### Supplied material:
####
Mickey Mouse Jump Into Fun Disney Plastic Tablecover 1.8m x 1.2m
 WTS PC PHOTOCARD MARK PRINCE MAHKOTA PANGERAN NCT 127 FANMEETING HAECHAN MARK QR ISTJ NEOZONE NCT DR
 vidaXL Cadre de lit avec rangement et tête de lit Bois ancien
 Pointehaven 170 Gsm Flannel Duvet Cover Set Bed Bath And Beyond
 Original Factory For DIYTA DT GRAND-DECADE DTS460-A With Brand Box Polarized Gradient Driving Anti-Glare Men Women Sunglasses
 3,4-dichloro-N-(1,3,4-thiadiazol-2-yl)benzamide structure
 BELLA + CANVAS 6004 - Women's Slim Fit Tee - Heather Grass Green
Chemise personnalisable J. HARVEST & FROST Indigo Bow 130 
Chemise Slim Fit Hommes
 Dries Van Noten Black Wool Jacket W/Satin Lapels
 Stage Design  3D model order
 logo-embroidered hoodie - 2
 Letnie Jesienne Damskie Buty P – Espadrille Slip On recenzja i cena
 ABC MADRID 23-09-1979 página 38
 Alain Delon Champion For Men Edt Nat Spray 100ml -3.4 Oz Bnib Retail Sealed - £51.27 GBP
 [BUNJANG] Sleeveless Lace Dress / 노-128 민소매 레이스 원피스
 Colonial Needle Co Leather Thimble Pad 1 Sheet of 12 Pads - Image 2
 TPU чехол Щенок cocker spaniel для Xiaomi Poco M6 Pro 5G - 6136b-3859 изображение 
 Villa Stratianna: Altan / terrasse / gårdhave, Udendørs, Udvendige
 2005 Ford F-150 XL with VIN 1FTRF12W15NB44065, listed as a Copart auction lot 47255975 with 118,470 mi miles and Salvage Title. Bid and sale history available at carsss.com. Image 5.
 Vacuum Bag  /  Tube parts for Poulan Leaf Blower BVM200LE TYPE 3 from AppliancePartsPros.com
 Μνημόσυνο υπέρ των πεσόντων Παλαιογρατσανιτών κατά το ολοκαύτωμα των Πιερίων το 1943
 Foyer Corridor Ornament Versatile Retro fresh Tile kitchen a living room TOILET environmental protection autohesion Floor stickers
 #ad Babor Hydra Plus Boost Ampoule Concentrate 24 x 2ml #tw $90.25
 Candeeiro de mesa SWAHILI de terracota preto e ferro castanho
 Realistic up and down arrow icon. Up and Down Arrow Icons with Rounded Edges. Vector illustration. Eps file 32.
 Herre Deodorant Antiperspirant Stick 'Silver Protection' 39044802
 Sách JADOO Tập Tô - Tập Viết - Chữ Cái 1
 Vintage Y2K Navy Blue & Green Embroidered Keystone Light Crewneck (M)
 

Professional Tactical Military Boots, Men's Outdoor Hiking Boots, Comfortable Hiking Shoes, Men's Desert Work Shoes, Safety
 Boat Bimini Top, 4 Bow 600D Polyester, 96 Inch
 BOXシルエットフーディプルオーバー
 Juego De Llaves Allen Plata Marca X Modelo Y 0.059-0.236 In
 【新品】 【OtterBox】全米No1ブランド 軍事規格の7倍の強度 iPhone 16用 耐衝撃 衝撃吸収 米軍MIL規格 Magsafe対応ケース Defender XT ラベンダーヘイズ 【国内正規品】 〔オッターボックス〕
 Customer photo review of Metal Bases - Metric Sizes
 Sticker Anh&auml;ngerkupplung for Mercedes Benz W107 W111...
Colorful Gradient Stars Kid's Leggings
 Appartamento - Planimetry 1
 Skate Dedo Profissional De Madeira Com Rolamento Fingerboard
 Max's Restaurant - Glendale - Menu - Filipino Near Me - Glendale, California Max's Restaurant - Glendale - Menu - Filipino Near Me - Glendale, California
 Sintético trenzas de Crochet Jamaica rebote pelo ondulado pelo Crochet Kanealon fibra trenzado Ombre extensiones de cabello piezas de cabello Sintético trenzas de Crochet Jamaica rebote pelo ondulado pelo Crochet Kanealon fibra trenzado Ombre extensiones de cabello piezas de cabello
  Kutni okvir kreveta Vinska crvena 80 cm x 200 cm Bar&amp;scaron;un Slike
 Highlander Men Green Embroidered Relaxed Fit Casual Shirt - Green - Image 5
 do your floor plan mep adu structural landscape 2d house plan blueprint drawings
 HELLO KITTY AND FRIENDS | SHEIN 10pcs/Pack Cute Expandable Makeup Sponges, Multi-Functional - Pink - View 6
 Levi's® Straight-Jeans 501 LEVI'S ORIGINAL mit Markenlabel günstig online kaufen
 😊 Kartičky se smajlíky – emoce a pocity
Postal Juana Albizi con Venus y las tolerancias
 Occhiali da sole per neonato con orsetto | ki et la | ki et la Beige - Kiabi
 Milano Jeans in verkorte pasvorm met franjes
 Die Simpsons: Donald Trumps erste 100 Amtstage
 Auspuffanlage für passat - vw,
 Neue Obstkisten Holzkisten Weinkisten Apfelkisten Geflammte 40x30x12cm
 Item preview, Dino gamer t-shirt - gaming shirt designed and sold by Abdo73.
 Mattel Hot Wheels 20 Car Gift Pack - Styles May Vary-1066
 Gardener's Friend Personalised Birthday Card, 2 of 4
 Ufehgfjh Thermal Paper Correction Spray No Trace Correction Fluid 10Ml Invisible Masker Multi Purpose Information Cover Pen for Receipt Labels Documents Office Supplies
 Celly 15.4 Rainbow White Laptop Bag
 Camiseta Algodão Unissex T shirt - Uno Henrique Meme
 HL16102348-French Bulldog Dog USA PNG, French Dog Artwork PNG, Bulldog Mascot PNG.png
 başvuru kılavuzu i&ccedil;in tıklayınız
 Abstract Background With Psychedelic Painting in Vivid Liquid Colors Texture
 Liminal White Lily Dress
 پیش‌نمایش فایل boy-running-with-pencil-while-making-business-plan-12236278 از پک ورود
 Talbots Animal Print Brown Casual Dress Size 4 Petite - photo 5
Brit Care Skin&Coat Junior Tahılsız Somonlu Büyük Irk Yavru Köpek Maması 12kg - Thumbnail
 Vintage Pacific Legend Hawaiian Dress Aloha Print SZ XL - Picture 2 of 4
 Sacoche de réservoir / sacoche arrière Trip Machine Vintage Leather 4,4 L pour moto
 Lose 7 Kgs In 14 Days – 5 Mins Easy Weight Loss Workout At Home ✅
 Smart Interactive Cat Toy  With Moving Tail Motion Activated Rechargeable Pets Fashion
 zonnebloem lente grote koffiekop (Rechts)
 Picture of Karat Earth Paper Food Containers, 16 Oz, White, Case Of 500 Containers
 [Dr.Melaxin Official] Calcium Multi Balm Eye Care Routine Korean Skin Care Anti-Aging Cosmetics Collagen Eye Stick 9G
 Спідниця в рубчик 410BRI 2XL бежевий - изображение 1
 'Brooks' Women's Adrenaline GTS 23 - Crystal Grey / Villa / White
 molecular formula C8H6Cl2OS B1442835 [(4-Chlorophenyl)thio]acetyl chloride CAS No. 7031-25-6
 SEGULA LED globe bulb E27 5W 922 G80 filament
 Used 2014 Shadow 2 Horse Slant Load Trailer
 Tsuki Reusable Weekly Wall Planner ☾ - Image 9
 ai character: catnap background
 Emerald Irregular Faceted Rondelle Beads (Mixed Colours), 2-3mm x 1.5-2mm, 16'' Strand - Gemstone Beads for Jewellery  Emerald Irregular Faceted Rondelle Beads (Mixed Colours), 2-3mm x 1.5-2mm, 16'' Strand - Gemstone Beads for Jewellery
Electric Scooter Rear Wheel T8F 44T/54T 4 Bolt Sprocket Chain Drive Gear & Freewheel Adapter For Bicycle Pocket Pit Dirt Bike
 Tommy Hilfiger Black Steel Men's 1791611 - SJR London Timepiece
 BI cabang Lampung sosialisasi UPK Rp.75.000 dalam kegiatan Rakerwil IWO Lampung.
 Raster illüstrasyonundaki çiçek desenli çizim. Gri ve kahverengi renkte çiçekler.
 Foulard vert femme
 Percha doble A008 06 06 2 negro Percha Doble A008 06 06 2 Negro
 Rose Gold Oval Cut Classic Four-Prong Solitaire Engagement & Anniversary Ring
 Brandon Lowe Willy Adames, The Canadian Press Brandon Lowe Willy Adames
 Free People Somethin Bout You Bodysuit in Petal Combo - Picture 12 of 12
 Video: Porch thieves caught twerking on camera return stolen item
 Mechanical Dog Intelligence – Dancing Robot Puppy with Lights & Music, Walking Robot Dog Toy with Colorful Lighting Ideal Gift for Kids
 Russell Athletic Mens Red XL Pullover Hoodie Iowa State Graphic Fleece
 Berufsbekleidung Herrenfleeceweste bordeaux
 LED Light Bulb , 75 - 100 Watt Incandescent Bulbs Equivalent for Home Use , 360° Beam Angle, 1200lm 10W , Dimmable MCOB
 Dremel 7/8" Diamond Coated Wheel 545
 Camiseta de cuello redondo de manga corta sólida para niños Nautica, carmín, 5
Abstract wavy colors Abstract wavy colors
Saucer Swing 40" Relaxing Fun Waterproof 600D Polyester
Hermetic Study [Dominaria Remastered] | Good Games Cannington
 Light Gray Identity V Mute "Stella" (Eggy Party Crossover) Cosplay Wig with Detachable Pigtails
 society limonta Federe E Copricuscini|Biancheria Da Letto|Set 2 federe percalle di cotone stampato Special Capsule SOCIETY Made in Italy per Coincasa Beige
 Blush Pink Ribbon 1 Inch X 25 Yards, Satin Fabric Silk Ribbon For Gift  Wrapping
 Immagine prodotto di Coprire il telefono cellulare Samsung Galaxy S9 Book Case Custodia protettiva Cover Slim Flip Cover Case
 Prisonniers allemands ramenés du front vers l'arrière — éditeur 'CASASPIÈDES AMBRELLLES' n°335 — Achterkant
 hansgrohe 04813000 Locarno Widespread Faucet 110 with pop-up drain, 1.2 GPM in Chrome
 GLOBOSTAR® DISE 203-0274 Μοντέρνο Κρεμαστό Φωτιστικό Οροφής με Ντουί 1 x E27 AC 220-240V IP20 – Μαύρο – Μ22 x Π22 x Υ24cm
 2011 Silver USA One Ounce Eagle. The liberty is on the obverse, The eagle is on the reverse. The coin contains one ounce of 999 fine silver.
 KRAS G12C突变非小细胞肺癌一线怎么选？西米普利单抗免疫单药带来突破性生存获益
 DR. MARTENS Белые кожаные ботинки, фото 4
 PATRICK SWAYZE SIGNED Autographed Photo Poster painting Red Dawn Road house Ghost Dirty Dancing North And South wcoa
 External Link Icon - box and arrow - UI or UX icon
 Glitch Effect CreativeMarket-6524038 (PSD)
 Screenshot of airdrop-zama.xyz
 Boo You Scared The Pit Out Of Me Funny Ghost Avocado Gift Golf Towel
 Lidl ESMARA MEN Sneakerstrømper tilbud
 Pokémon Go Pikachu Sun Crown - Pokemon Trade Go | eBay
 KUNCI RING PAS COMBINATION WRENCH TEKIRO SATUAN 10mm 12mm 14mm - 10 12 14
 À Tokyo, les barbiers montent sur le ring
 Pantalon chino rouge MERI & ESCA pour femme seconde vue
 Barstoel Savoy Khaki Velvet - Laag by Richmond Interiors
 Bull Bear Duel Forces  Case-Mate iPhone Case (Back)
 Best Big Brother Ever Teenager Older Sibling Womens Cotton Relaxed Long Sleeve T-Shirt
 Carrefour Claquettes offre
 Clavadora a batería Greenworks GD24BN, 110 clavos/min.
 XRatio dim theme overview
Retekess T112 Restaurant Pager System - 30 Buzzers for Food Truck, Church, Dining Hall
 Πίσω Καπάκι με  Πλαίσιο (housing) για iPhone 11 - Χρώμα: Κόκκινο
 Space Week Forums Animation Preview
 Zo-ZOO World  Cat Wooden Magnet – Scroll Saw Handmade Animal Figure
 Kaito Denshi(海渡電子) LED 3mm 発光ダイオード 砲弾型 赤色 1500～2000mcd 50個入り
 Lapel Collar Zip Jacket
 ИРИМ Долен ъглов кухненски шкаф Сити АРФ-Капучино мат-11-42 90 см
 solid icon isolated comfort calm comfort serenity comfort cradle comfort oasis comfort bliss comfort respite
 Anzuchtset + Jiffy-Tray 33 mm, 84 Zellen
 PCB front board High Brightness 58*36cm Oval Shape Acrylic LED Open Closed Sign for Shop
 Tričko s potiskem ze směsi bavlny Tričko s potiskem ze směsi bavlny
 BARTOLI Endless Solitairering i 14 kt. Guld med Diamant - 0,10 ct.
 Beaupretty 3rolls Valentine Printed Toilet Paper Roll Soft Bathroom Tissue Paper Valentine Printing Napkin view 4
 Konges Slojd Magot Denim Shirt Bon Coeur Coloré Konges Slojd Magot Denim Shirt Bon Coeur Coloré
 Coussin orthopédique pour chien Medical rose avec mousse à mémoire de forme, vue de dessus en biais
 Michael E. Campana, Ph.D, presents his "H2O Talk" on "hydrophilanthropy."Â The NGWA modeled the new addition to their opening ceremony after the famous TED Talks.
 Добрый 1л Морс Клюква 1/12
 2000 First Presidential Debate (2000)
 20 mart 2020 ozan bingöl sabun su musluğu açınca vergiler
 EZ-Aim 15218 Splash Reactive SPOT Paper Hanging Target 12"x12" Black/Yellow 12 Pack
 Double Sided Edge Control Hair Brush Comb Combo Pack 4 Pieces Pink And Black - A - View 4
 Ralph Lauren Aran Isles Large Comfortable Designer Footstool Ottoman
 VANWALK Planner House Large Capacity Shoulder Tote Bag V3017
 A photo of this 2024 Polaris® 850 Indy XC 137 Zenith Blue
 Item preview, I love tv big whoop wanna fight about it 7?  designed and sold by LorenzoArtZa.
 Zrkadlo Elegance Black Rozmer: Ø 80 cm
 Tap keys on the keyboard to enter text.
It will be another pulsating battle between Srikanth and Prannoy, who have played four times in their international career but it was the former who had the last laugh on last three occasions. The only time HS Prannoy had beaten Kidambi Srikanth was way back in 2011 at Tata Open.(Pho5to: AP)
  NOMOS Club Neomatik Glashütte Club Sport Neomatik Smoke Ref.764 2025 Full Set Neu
####
Would you output, from the records above, exactly the run of lines that starts at the line containing "Raster illüstrasyonundaki çiçek" and ends at the line containing "Rose Gold Oval", and only that run?

### Your solution:
 Raster illüstrasyonundaki çiçek desenli çizim. Gri ve kahverengi renkte çiçekler.
 Foulard vert femme
 Percha doble A008 06 06 2 negro Percha Doble A008 06 06 2 Negro
 Rose Gold Oval Cut Classic Four-Prong Solitaire Engagement & Anniversary Ring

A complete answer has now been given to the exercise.